Hal ini tidak terlepas dari langkah Jaksa Agung HM Prasetyo membentuk Satuan Tugas Khusus (Satgassus) Penanganan dan Penyelesaian Perkara Tindak Pidana Korupsi (P3TPK) Kejagung awal 2015.

Satgassus berisi 100 jaksa yang merupakan hasil seleksi dari seluruh Indonesia. Sebanyak 75 jaksa ditempatkan sebagai penyidik, 21 jaksa sebagai penuntut umum, dan 4 jaksa sebagai eksekutor. Jumlah personel Satgassus hampir setara dengan KPK yang memiliki 75 penyidik dan 47 penuntut umum.

Tiga bulan dibentuk, menurut Prasetyo, Satgassus menyidik 112 kasus korupsi. Sebanyak 88 kasus merupakan kelanjutan hasil penyelidikan 2014 dan 24 kasus merupakan perkara baru. Jumlah tersebut meningkat signifikan dibandingkan sebelum Satgassus dibentuk.

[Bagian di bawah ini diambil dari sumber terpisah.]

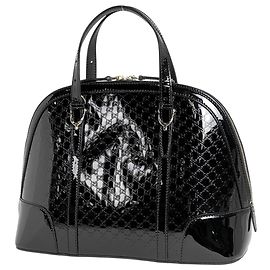 Gucci Microguccissima Handtasche aus schwarzem Lackleder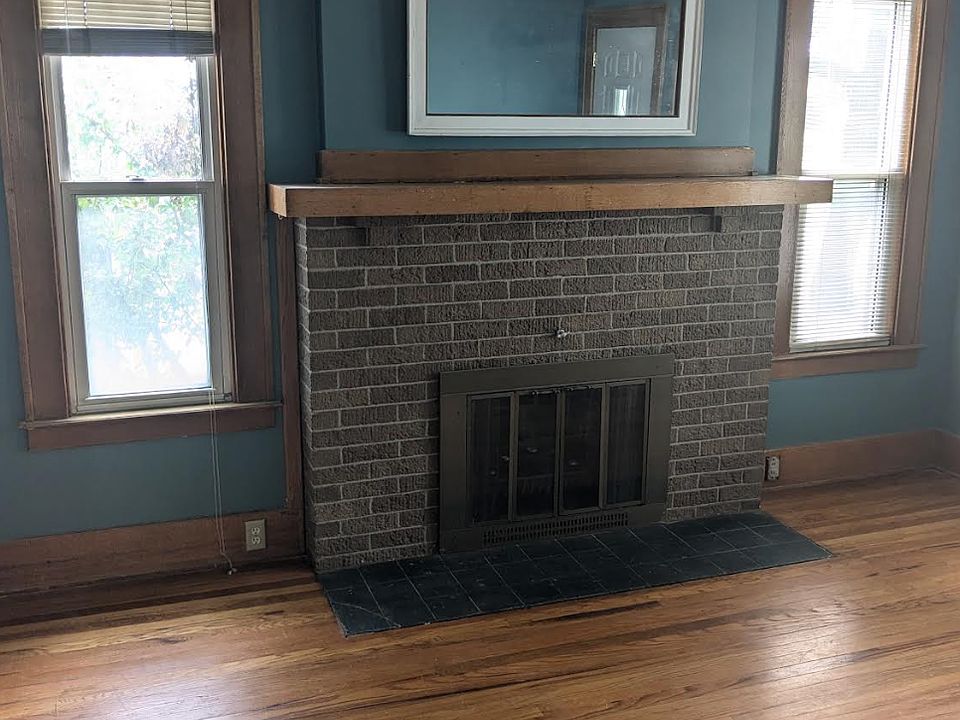 Living Room with non working fireplace looking from formal Dining Room arch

Pada 2013, misalnya, total perkara korupsi yang disidik Kejaksaan Agung hanya 85 kasus. Sementara pada 2012, jumlah perkara yang disidik juga hanya 85 kasus.

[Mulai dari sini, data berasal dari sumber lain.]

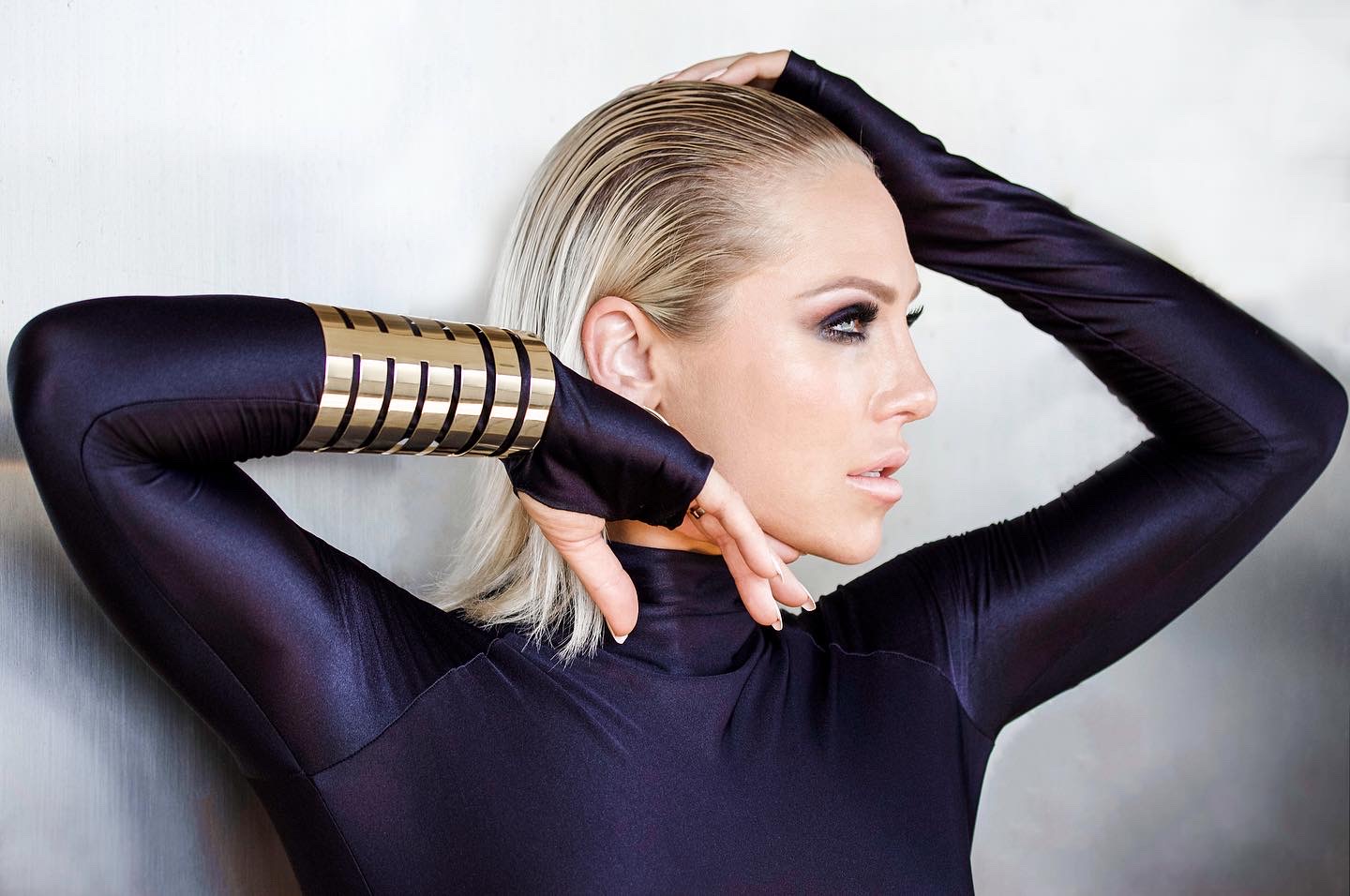 Woman with platinum blonde hair in a black outfit with gold and black arm accessories, posed with arms raised, looking sideways.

Bareskrim Polri pun tak mau ketinggalan. Beberapa kasus yang menyita perhatian publik sedang ditangani polisi tahun ini. Kasus-kasus tersebut antara lain dugaan korupsi pengadaan uninterruptible power supply (UPS) di Provinsi DKI Jakarta; kasus penjualan kondensat jatah negara yang melibatkan SKK Migas dan PT Trans Pacific Petrochemical Indotama (TPPI); kasus proyek pembangunan Stadion Gelora Bandung Lautan Api di Gedebage, Jawa Barat; dan kasus implementasi payment gateway di Kementerian Hukum dan Hak Asasi Manusia tahun 2014.

Lebih berani

Lonjakan kinerja penanganan kasus korupsi yang ditunjukkan Kejaksaan Agung dan Polri jelas membawa harapan baru. Pasalnya, Kejagung dan Polri itulah yang sejatinya menjadi motor pemberantasan korupsi. Kelahiran KPK pada 2003 justru dipicu ketidakmampuan kejaksaan dan kepolisian memberantas praktik korupsi sampai ke akarnya.

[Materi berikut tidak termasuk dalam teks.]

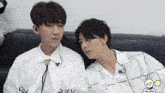 two young men are sitting next to each other on a couch and one of them is wearing a white shirt that says talker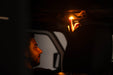 Man pushing on/off button of the Elite White/Amber Push Button Dome Light by DV8 Offroad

Namun, kejaksaan dan kepolisan jangan dulu menepuk dada karena mulai mengimbangi KPK. Apalagi jika kinerja itu sekadar untuk menunjukkan mereka bisa melakukan apa yang dikerjakan KPK selama ini sehingga keberadaan lembaga anti rasuah ini tidak diperlukan lagi.

Bagaimanapun, apa yang dilakukan kejaksaan dan kepolisian saat ini belum teruji dan belum menyentuh esensi pemberantasan korupsi yang sesungguhnya. Kasus korupsi yang ditangani Satgassus Kejagung antara lain kasus bantuan sosial dari Anggaran Pendapatan dan Belanja Daerah (APBD) Cirebon, Jawa Barat, dengan kerugian negara Rp 1,8 miliar; korupsi alat kontrasepsi di Badan Kependudukan dan Keluarga Berencana Nasional dengan jumlah kerugian negara Rp 4,4 miliar; korupsi pengadaan alat kesehatan dan obat-obatan di RSUD Raden Mattaher, Jambi; proyek pengadaan program siap siar di TVRI pusat; dan kasus kredit fiktif Bank BNI Cabang Parepare, Sulawesi Selatan.

Kini, publik menanti sejauh mana kejaksaan dan kepolisian mengungkap kasus-kasus korupsi bernilai besar. Jaksa dan polisi harus lebih berani dari KPK dalam menyeret koruptor kelas kakap ke penjara.